Schon die Marschkolonnen von Bus und Bahn lassen auf Demo-Touristen
schließen. Chemnitzer, mit denen sich ein Wortwechsel entspinnt, wollen
keinesfalls Nazis genannt werden. Auf erwartbare fatale Folgen der
Machtergreifungs-Parolen wie die Liquidation politischer Gegner
angesprochen, geraten sie in Rage. „Du bist der erste“, rücken sie mit
Drohgebärden dem Reporter nahe.
Jenseits der etwa 30 Meter breiten Karl-Marx-Allee, die heute wieder
Brückenstraße heißt, beginnt der kleine Stadthallenpark. Ein Szenetreff
Jugendlicher, freies Stadt-WLAN gibt es hier, aber auch Drogen. Ganz in der
Nähe liegt der Tatort der Messerattacke. Auf einer Parkbank warten drei
Jugendliche auf die angekündigte Linken-Demo. Weil Nazis in der Nähe sind,
zeigt einer eine angeblich schussbereite Pistole, die er mitgebracht hat.

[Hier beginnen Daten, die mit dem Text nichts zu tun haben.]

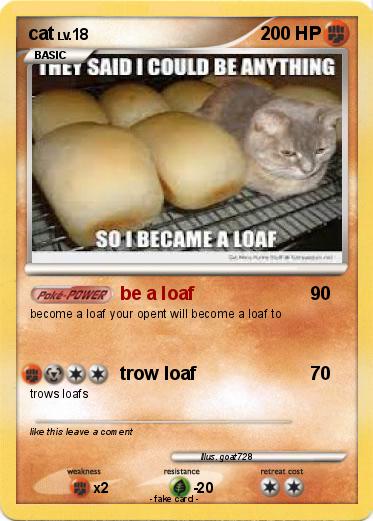 Pokemon cat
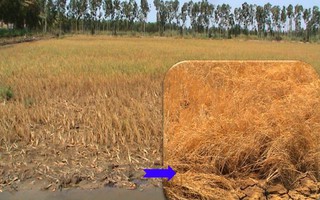 Cải thiện sức khỏe của đất trong điều kiện nắng nóng, hạn mặn và phèn đầu vụ hè thu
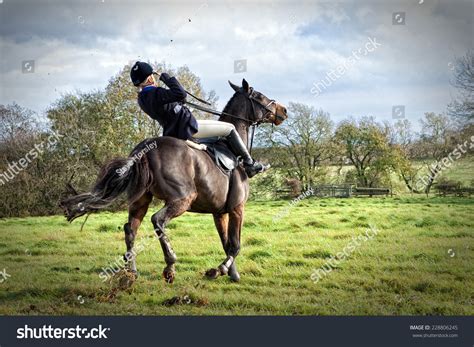 Horse Rider Falling Off Horse Stock Photo 228806245 Shutterstock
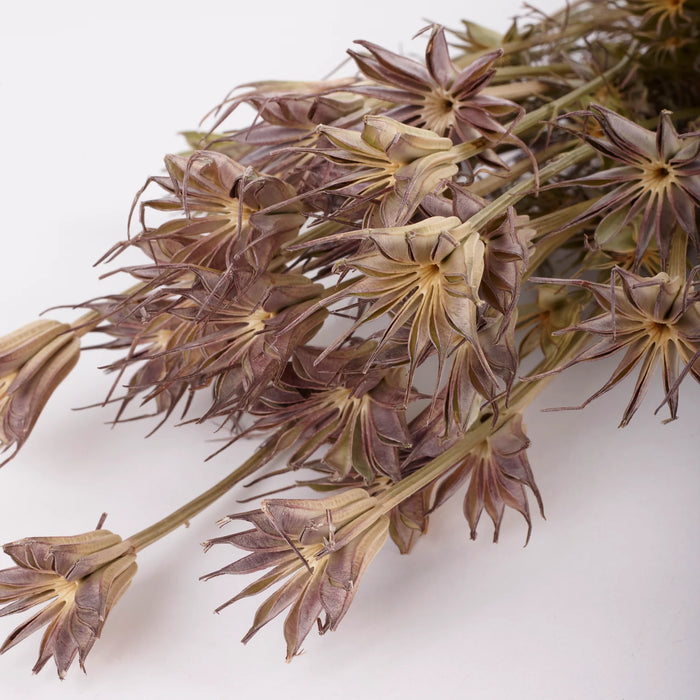Dried Nigella Orientalis | Natural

An diesem späten Montagnachmittag haben „Chemnitz Nazifrei“ und die
Stadtlinke zu einer stationären Kundgebung in den Park eingeladen. Etwa
tausend überwiegend junge Leute sind gekommen. „Die schlimme Tat wird
instrumentalisiert“, warnt der Linken-Stadtvorsitzende Tim Detzner. „Von
uns geht keine Eskalation aus!“
Stimmt, auch wenn sich über die Straße auf vielleicht 50 Metern Distanz ein
ritualisierter Kampf der Stimmbänder und Megafone entspinnt. Nazis
provozieren mit Eiertänzen die Antifa hinter dem Zaun, beschimpfen sie als
Faulenzer, die erst einmal arbeiten sollten. „Eure Eltern sind
Geschwister“, skandieren sie. „Wir wollen keine Nazischweine“, kommt es
formelhaft zurück, ebenso das „Nie wieder Deutschland“, und einer ruft:
„Nazis töten ist kein Mord!“
## Nicht auf solche Dimensionen vorbereitet
Die Aggressionen aber brechen sich auf der Naziseite Bahn. Als es nach den
Reden auf eine Runde um die Innenstadt gehen soll, stürmen einige Hundert
plötzlich über die Straße auf eine Gruppe Ausländer und Linke los, die sich
bis an den gegenüberliegenden Straßenrand vorgewagt haben und nun panisch
die Flucht ergreifen. Flaschen, Gegenstände und Böller verletzen sechs
Demonstranten, eine Leuchtrakete trifft glücklicherweise niemanden.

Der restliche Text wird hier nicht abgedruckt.